Prosecutors and the FBI interviewed Ayries Blanck about the journals on March 7, then interviewed Autymn Blanck on March 10. They spoke to Autymn again on March 11.
Prosecutors said Blanck acknowledged what the defense had long argued: The handwritten journals were written after the digital journals were edited for Netflix, not before.
“As the government has outlined herein, prior to March 2025, Blanck repeatedly maintained to the government that she wrote the Handwritten Journals in and around the time she left OneTaste, and the Typewritten Journals were based on the Handwritten Journals—even when pressed by the government on multiple occasions. Her account was corroborated by her sister,” according to the filing from Kassner and Assistant U.S. Attorneys Kayla Bensing, Nina Gupta and Sean Fern.
“However, upon continuing to be pressed by the government regarding the journals, Blanck has since acknowledged that she physically copied the relevant portion of the Handwritten Journals after typing the Typewritten Journals,” prosecutors wrote.
Cohen and Robotti called the filing “extraordinary” and prosecutors’ admission “startling.”

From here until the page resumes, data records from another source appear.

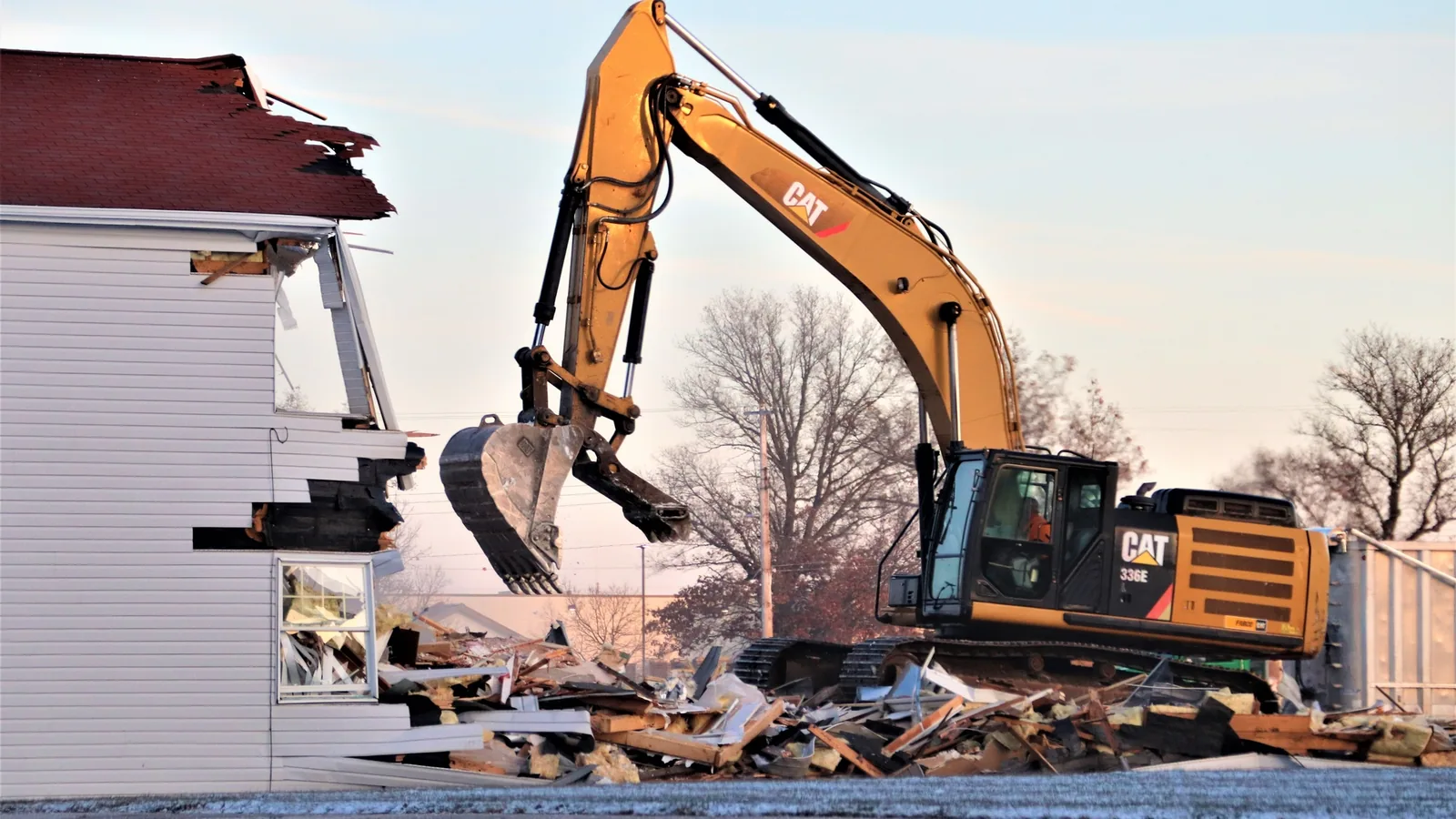 Excavator tearing apart a two story building beside a debris pile, demolition and masonry contractor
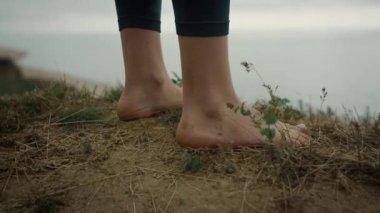 Barefoot unknown woman standing beach hill close up. Bare legs placed hilltop.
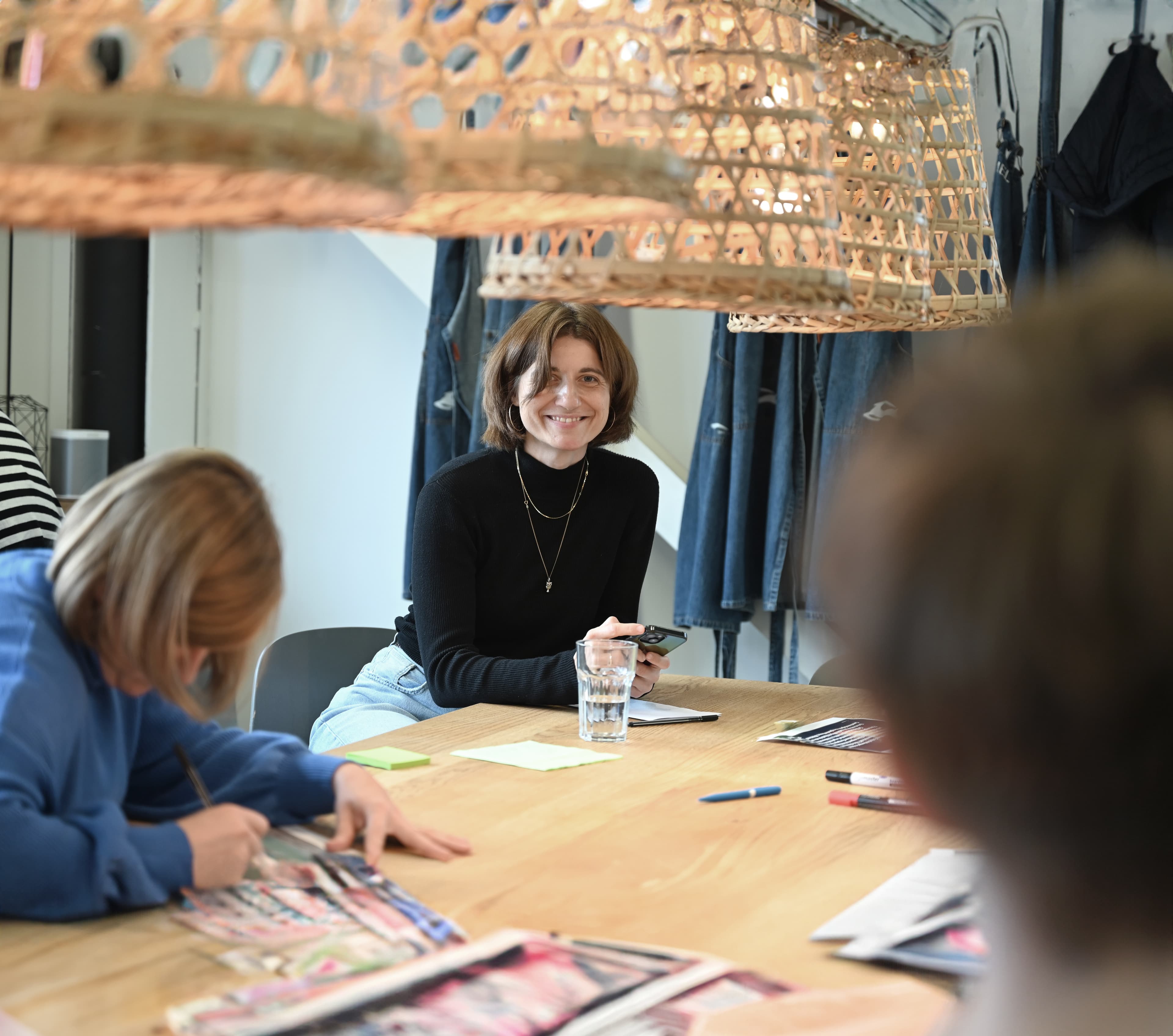 Frau lächelt und hält ein Handy in der Hand, während sie mit anderen an einem kreativen Workshoptisch unter geflochtenen Hängelampen sitzt.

“In short, the government has admitted that Blanck committed federal crimes, by falsifying evidence and lying to federal agents, and that the government relied on those lies and false evidence in prosecuting the defendants,” their letter says. “The government does not indicate whether it will investigate and prosecute Blanck, nor whether it will drop the charges against the defendants. But it should immediately do both.”
The attorneys said the government “did not live up to its obligations to do due diligence on its witnesses’ false claims before presenting her testimony; rather, it repeatedly took Blanck’s word for it that the journals were authentic, even after the defense presented concrete evidence in December 2024 that they were not.”
“But for the defense’s efforts, the government would have presented perjured testimony from its star witness at trial, potentially leading to a wrongful conviction of the defendants,” Cohen and Robotti wrote.
Bonjean’s letter on Friday addressed Agent McGinnis’ conduct and the defense’s belief that he tried to hide the fact that the journals were written much later than prosecutors said. Bonjean said they recently learned McGinnis had the hard drive with the digital journal entries “for over two months prior to charging it into evidence.”
They said this “lends strong support to Defendants’ theory that he may have scrubbed it of exculpatory evidence.”
“Given the inexplicable delay in inventorying the hard drive and McGinnis’ pattern of obstruction in this case, Defendants must be afforded a hearing to explore these reasonable inferences.”
Judge Gujarati had not addressed the filings as of late Sunday.